Barley had always been an important feed grain in California, to some
extent taking the place filled by corn in certain other regions. It
was important first for draft animals and later in meat production.
Since oxen, horses, and mules furnished most of the tractive power and
even much of the stationary power during the period under
consideration, the demand for feed for draft animals was considerable.

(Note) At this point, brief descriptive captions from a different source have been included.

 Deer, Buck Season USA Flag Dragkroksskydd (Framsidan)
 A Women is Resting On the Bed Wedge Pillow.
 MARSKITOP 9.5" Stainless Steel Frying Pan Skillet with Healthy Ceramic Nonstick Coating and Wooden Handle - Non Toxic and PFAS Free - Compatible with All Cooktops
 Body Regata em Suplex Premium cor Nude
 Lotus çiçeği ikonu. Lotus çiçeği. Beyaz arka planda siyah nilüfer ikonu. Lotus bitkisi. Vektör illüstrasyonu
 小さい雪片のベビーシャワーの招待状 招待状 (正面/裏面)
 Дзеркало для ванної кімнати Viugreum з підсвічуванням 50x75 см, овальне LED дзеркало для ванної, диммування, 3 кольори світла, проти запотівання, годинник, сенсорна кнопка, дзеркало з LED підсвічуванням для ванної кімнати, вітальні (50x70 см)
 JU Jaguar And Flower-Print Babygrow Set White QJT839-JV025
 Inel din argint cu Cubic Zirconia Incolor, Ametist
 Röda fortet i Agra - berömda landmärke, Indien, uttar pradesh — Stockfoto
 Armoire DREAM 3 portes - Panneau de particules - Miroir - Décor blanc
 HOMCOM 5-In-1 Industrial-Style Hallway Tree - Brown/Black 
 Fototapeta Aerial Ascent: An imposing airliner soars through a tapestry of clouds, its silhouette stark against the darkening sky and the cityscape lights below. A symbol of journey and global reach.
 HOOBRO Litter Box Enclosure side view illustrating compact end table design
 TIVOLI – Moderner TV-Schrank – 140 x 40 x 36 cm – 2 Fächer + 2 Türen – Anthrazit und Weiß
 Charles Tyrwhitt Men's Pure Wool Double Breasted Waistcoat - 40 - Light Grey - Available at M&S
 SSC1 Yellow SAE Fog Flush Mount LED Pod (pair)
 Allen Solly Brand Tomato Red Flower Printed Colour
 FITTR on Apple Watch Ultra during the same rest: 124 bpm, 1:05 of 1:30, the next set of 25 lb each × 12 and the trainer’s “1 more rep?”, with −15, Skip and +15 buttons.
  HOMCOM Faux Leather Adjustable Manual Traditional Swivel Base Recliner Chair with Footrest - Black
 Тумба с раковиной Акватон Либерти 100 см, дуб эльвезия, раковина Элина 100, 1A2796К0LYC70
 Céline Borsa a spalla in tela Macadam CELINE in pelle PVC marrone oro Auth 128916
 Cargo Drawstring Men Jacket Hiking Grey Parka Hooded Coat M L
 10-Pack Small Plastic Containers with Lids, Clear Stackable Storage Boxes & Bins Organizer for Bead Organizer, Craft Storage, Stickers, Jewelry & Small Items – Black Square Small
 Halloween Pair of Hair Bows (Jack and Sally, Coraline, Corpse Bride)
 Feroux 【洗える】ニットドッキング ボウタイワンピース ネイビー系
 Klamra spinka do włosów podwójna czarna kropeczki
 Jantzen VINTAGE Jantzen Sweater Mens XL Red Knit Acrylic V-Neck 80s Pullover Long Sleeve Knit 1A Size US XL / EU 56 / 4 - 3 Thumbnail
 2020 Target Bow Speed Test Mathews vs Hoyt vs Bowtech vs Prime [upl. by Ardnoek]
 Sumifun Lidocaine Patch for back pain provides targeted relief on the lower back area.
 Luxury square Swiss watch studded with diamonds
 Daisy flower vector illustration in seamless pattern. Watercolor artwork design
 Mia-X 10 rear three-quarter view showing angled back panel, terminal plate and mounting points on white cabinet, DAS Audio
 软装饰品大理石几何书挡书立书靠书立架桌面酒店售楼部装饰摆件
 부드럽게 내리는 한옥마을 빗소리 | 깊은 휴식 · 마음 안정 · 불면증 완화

Since the markets for feed barley were near at hand and those for
wheat at a greater distance, transportation developments increased the
relative advantage of wheat production and allowed it to surpass
barley in volume. The exports of barley during this period were
relatively insignificant. Some barley was used within the county for
brewing, but little was shipped to other potential markets, as the
climate was not considered suitable for the production of brewing
barley.

During the 1880s, two flouring mills were in operation in the county.
One was constructed at Salinas in 1883, with a capacity of 35 barrels,
later remodeled to a capacity of 500 barrels a day. The second was
located at King City, and had a daily capacity of 150 barrels.